Courage.  More than strength, physicians need courage.  Every decision we make is out in the open, exposed in the medical record for all to see.  Now more than ever, those decisions will be examined and criticized.  By the family member who disagrees due to what they read on the internet.  By the insurance company who disagrees with your choice of test, or medication, or procedure.  By another physician, who you have asked for help and may either internally or externally critique the care you have provided.  It takes courage to be able to do this every day, to expose your work to others and be able to stand behind your decisions and defend them to all who question. But this is needed, and what is truly the point of the training we endure.  This is what we are learning during those endless rounds, when we are postcall and exhausted and our consultant is drilling us on why this patient (the sixth one you admitted that night) is short of breath if their chest xray is normal.  This is what we learn when we are drilled with questions during our surgical conferences, being asked to defend every step we took to take the patient to the OR, and then every decision we made during their procedure.  This is what we learn in the ICU, hearing distraught and frustrated family members ask us why we are failing to save their loved one from the horrors of ARDS. 

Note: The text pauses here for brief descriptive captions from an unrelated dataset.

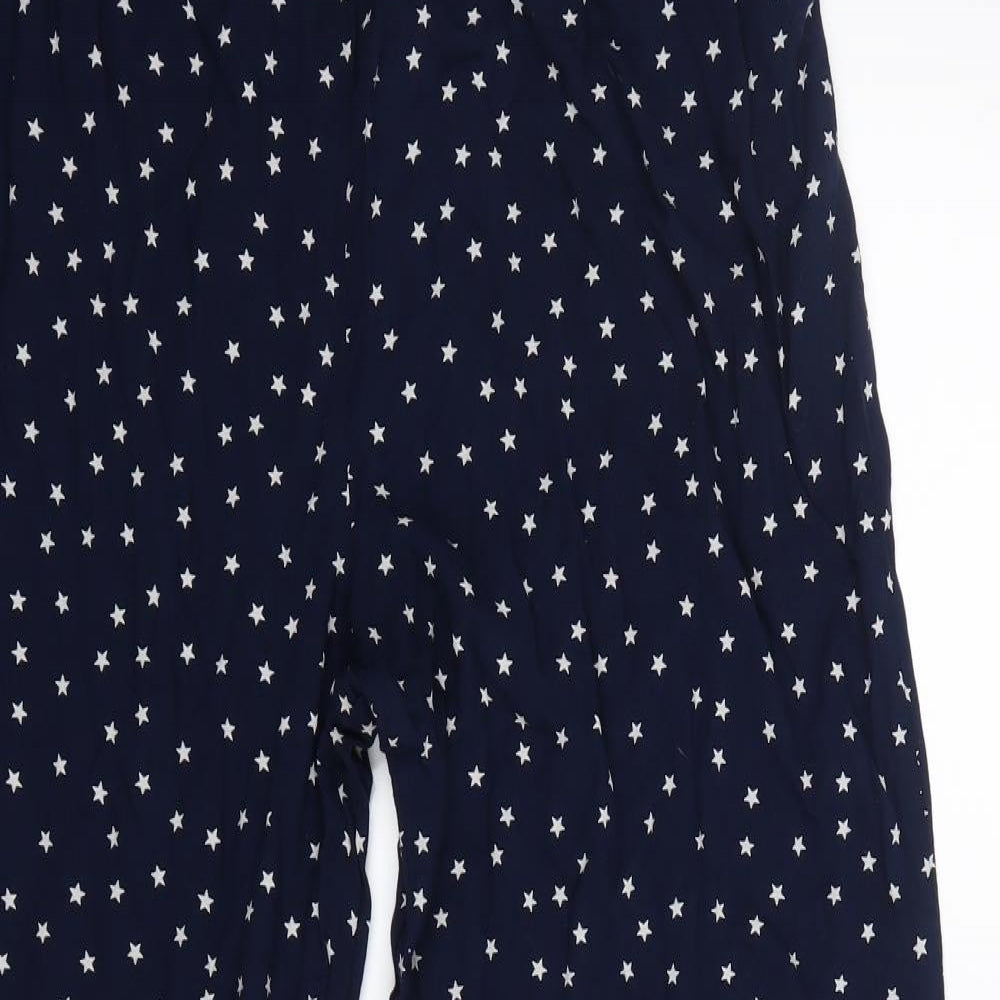 Preworn Womens Blue Geometric  Top Pyjama Pants Size 16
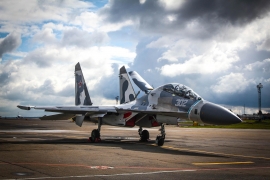 Rusija: Prinudno sletio Su-27
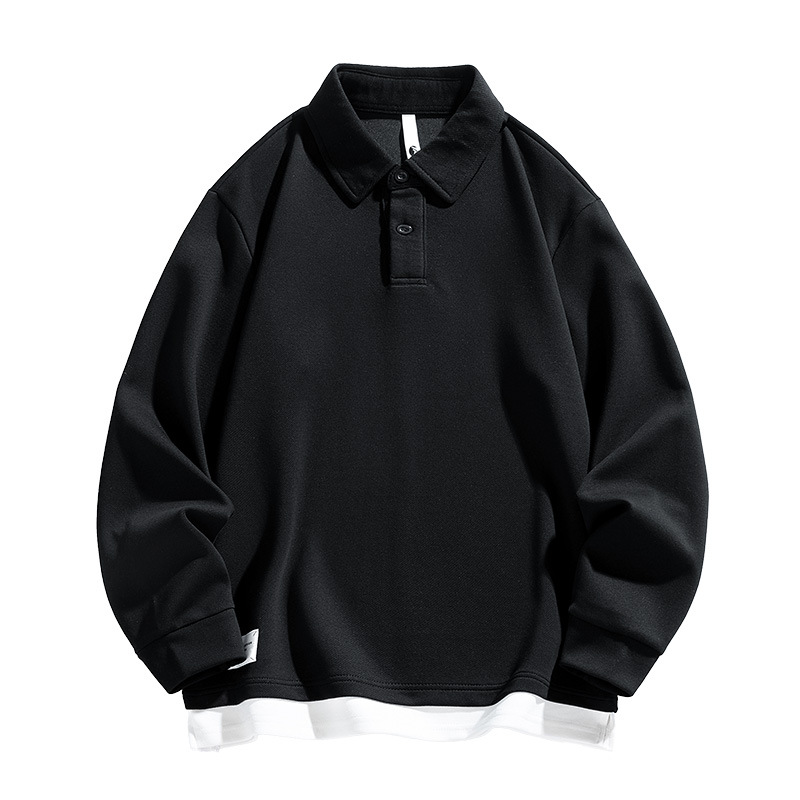 高级定制polo衫/定制灰色polo衫/印刷定制Polo衫/中年装男修身韩版/polo衫纯棉白底实物图
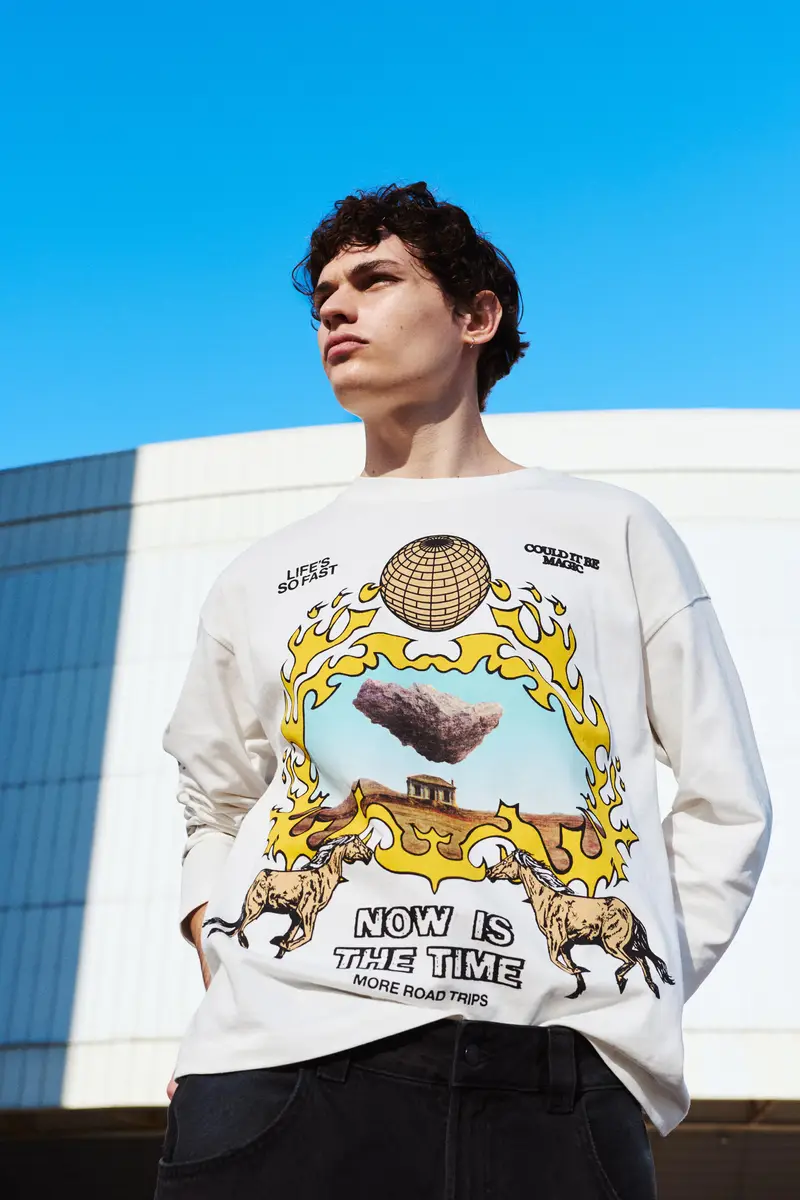 Pull&Bear T-shirt Bianco 4144012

But it also takes courage to examine our decisions and acknowledge when we could have done better.  This is an essential part of the practice of medicine.  We have to look back and know when different decisions could have been made in the service of our patients.  To learn what we would do next time, who we would ask for help, what test or procedure should have been done earlier.  Mistakes will be made in the care of our patients, and it is the courageous physician who will acknowledge those mistakes, learn from them, to better serve those who will put their trust in us.